Confirmant une information de Nice-Matin, les services de la municipalité de Cannes ont annoncé samedi que le tribunal administratif de Nice avait validé l'arrêté pris par le maire LR pour interdire le burkini sur les plages cannoises. La justice administrative avait été saisie vendredi après-midi par trois personnes et par le Collectif contre l'islamophobie en France (CCIF). Ils avaient réclamé la suspension, en référé-liberté, de l'arrêté pris le 28 juillet.

Dans son ordonnance, le juge des référés a précisé que "les dispositions de l'article 1er de la Constitution" étaient respectées par cet arrêté. Ces dispositions indiquent que la France est une République laïque et "interdisent à quiconque de se prévaloir de ses croyances religieuses pour s'affranchir des règles communes régissant les relations entre collectivités publiques et particuliers", peut-on lire dans l'ordonnance. 

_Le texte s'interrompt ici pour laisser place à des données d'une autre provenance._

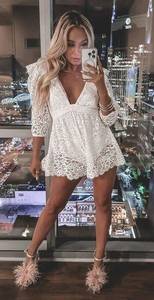 FOR LOVE & LEMONS Santo Romper in White Size XX-Small NWT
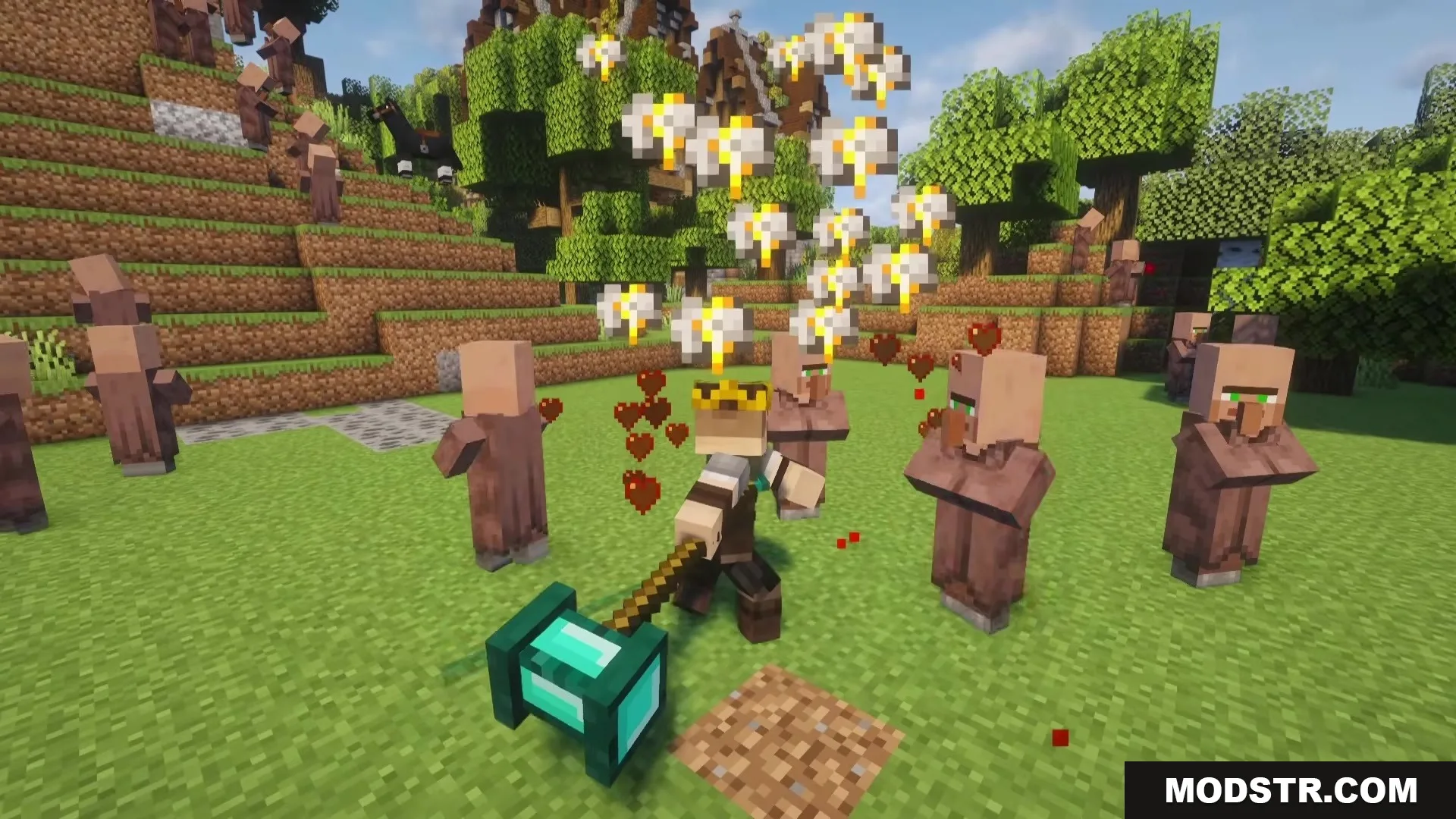 TKVM Weapons Mod Screenshot 6 A player swings a powerful Starite maul while surrounded by many villagers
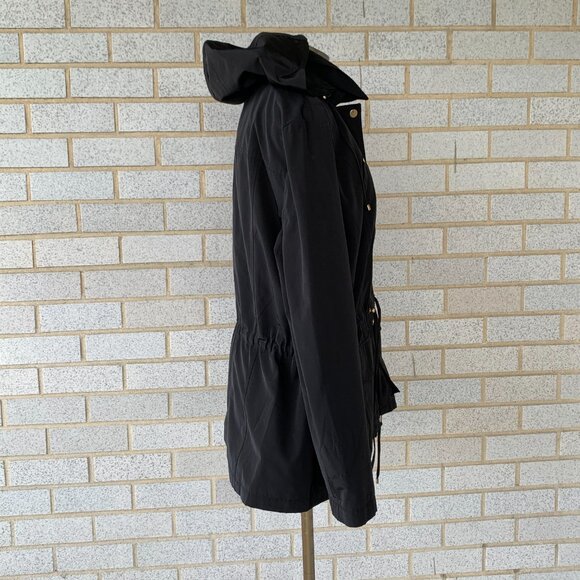 CHARTER CLUB WATER RESISTANT BLACK HOODED JACKET SIZE XL 100% POLYESTER - Picture 4 of 9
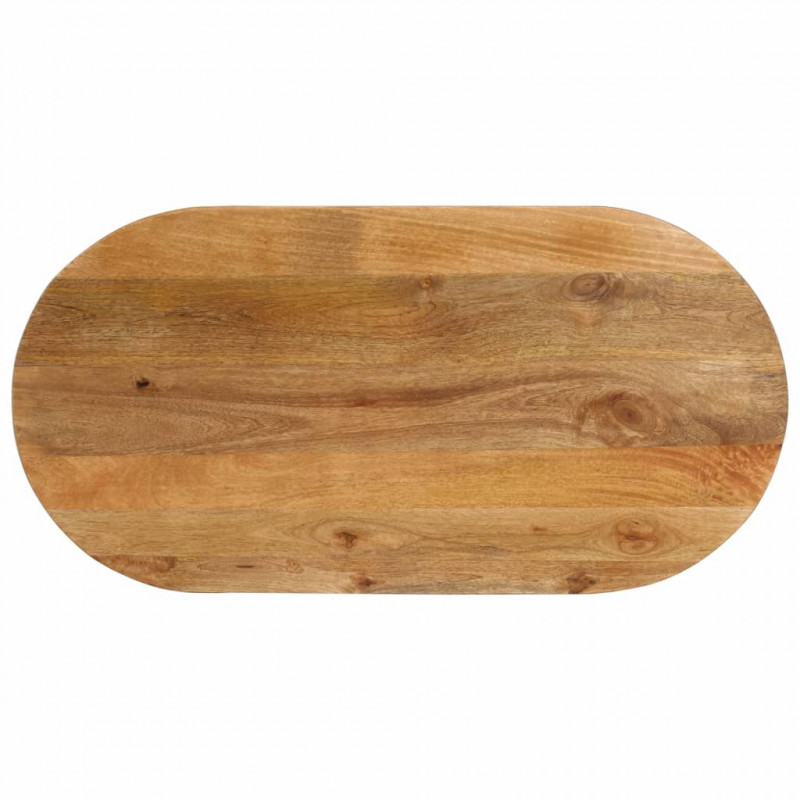 Blat stołu, 140x60x3,8 cm, owalny, lite drewno mango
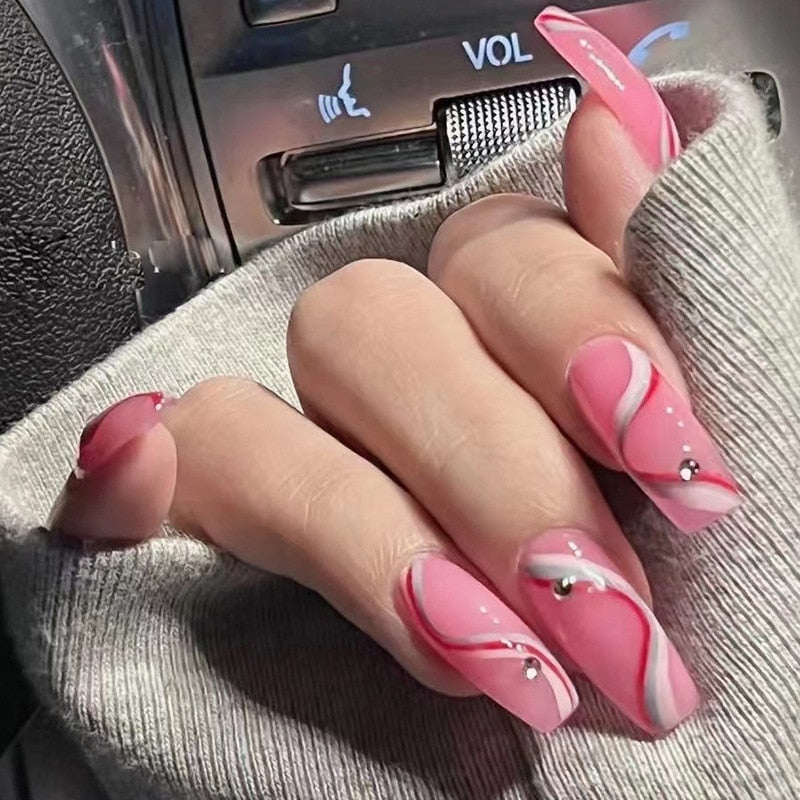 False Nails Coffin Almond Artificial Fake Nails - Orchid Unique
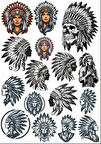 Apache Kızılderili Sticker Set
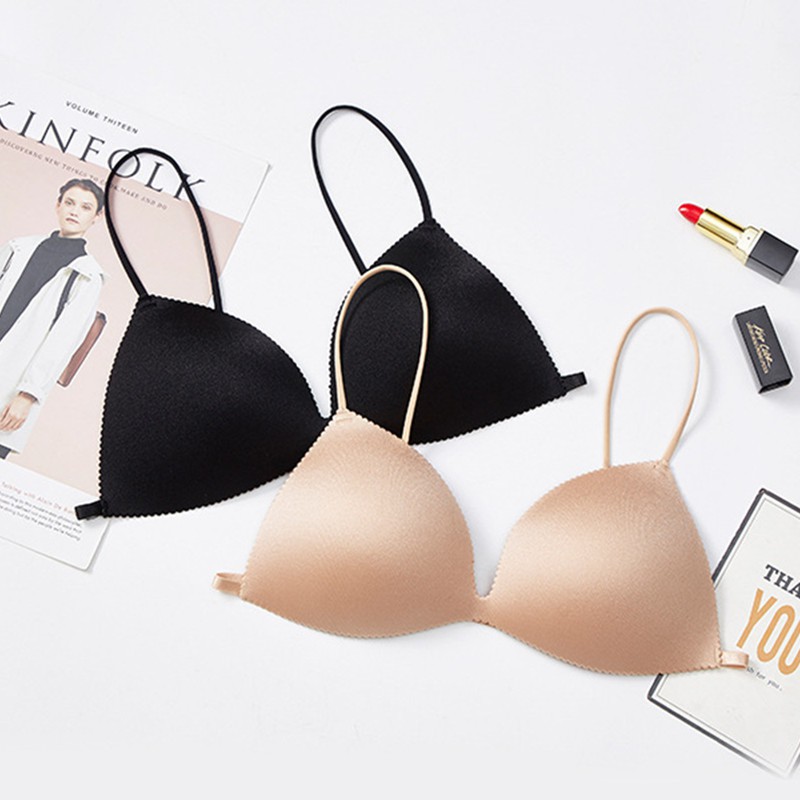 The new triangle cup a thin strap bra, comfortable and simple back ...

Le CCIF va faire appel devant le Conseil d'Etat

Le juge indique également que "dans le contexte d'état d'urgence et des récents attentats islamistes survenus notamment à Nice il y a un mois (...) le port d'une tenue vestimentaire distinctive, autre que celle d'une tenue habituelle de bain, peut en effet être interprétée comme n'étant pas, dans ce contexte, qu'un simple signe de religiosité".

Le CCIF a annoncé, par la voix de son avocat, son intention de faire appel de cette ordonnance devant le Conseil d'Etat. "Cette décision ouvre la porte à l'interdiction de tout signe religieux dans l'espace public", a indiqué Maître Sefen Guez Guez.